- Directed by: V. Nagendra Prasad
- Written by: V. Nagendra Prasad
- Produced by: N Kumar
- Starring: Aditya Manya
- Cinematography: J. G. Krishna
- Edited by: Rajashekar Reddy
- Music by: V. Nagendra Prasad
- Production company: Sri Lakshmi Films
- Distributed by: Sri Lakshmi Films
- Release date: 28 April 2006;
- Running time: 145 minutes
- Country: India
- Language: Kannada

= Ambi (film) =

Ambi is a 2006 Indian Kannada-language romantic film directed by V. Nagendra Prasad and produced by N. Kumar. The film stars Aditya and Manya in the lead roles. The film has musical score by V. Nagendra Prasad. The film was a flop at boxoffice.

==Soundtrack==
The music was composed by V. Nagendra Prasad.

| No. | Title | Singer(s) | Length |
|---|---|---|---|
| 1. | "Catch Catch Hidi" | Gururaj Hoskote, Raju Hoskote, Viji, V. Nagendra Prasad | 5.16 |
| 2. | "Hey Hrudaya" | Rajesh, Chithra | 4:59 |
| 3. | "Nee Hinga Nodidare" | L. N. Shastry, Naga Chandrika | 4:33 |
| 4. | "Brahma O Brahma" | Madhu Balakrishnan | 3:10 |
| 5. | "Ambi" (Title) | Nagendra Prasad, Chaitanya | 3:24 |
| 6. | "Manasige Manasige" | Rajesh, K. S. Chithra | 5:00 |
| 7. | "Meter Iddone" | Usha Uthup, Rajesh | 4:37 |
| 8. | "Yede Halu" | Shankar Mahadevan | 4:38 |

== Reception ==
R. G. Vijayasarathy of IANS stated that "Audithya's new film Ambi ends up as an average fare belying expectations of Kannada film fans and the film industry representatives". A critic from Rediff opined that "This could have been a better film.
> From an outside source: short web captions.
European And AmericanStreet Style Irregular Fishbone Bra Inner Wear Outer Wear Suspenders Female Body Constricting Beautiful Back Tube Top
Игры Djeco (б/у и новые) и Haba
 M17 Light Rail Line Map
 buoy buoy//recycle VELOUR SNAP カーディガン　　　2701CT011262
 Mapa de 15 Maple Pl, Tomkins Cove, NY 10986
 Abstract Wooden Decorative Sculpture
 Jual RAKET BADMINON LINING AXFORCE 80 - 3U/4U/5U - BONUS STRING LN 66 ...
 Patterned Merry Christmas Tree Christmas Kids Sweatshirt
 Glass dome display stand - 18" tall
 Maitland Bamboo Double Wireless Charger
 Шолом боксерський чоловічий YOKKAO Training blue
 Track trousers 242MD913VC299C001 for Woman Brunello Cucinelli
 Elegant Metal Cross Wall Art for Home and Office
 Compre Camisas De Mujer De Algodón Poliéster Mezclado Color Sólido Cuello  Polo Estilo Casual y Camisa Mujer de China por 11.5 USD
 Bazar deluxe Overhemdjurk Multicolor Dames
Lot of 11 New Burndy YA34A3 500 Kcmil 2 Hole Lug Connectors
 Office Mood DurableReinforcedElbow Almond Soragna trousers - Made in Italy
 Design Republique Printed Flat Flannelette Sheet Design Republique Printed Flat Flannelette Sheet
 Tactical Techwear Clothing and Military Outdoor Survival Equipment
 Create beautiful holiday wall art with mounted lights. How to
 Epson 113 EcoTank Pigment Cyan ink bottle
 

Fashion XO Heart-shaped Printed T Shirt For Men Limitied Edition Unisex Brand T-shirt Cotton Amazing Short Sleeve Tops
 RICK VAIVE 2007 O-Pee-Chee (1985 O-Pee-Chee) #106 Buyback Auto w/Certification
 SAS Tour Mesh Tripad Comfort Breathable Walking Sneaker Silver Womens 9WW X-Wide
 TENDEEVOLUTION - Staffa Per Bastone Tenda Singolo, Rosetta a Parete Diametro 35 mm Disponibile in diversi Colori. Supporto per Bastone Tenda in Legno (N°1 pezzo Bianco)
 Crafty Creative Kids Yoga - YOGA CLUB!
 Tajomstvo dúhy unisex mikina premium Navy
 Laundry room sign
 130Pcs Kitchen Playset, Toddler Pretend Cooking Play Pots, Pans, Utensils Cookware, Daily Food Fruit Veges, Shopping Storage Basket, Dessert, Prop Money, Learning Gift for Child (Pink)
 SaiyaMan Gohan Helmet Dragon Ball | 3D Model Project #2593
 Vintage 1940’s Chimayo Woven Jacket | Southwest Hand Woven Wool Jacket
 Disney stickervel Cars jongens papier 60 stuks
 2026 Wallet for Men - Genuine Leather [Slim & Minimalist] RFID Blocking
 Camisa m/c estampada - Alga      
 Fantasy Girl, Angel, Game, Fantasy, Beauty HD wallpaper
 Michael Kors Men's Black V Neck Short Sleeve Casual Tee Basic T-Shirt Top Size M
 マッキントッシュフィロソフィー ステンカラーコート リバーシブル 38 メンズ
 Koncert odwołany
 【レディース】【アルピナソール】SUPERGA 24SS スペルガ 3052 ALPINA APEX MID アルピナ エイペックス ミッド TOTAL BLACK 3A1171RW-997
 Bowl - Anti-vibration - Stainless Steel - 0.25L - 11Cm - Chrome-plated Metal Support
Sadly, performance wise, Audithya has very little scope to prove his talent. A talented actress like Maanya is also wasted here. The result is mediocre fare". A critic from webindia123 said that "The tragedy of 'Ambi' is that it does not fall under any specific genre. You cannot call it a full-blooded action film or a family drama. It is not a comedy either. It is just a mixture of everything but none of them in the right proportions or right place". A critic from Viggy wrote that "It has nothing new to offer - be it the story nor the screenplay".